The inProp UK Commercial Property fund will be used by Scottish Widows Investment Partnership (SWIP) on behalf of the SWIP Property Trust, as well Prudential's real estate fund manager PRUPIM, and the Skandia Property fund, advised by ING Real Estate Investment Management.
Launched by new company inProp Capital, the fund will allow fund managers and investors to gain an unleveraged beta exposure to the UK market without the management costs or liquidity constraints associated with traditional direct real estate funds.
A number of open-ended property funds in the UK closed to redemptions during the credit crunch of 2007 and 2008, leading to a re-evaluation of the fund model among the investor community.
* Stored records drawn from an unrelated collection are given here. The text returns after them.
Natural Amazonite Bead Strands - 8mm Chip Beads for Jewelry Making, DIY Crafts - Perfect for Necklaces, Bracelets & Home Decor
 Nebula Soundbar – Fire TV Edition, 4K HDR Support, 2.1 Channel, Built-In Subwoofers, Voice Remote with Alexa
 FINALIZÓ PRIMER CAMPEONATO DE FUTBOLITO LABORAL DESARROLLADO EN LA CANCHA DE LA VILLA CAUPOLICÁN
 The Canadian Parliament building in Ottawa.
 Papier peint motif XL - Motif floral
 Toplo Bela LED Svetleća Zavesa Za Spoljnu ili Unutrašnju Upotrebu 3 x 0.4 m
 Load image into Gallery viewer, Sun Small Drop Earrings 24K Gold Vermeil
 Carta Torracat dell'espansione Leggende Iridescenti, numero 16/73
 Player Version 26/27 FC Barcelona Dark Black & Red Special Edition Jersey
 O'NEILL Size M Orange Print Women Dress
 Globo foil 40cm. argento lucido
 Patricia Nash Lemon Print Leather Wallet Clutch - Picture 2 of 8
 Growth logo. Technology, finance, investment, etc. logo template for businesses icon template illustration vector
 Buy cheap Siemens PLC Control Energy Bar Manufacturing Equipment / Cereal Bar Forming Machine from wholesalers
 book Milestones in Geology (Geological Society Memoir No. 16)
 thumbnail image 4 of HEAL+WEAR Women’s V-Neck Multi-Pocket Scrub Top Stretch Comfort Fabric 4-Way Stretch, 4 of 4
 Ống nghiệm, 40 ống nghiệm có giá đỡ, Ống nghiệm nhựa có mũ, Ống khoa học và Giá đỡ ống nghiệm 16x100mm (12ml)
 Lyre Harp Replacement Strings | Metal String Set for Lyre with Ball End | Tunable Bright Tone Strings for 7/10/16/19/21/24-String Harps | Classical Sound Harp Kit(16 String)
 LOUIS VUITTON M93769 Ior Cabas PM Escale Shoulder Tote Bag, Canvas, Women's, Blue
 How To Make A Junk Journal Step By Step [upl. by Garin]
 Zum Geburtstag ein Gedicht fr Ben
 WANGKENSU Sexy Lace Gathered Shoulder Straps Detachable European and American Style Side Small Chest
The inProp fund could potentially offer a solution to both fund managers looking to manage liquidity in their portfolios and an alternative for end investors looking for a simple balanced real estate exposure.
The fund will be listed on the Irish stock exchange, track total returns as measured by the Investment Property Databank (IPD) UK index and offer monthly liquidity and no subscription fees.
Redemption fees will also be waived if investment is held for more than one year.
InProp Capital, created by former members of Bank of America's property derivatives team, believes the fund will be particularly attractive to real estate investment managers that want to take advantage of property derivatives as a portfolio tool, but do not have the in-house capabilities themselves.
Paul Ogden, partner at inProp, said: "You don't need to build up your own team to use derivatives to track the market in an ungeared form - we can provide that effectively off-the-shelf.
"We are providing an opportunity for people who wanted to get involved, but found the whole business of entering into derivatives contracts just too daunting."
However, Ogden said he expected to talk to pension fund advisers about the fund's potential for offering their clients a simple, low-cost exposure to UK property.
"We spoke quite some time ago to the consultants and were favourably received, but at that point we didn't have a fund, we had an idea," Ogden said.
"We will obviously be talking to those guys [again]."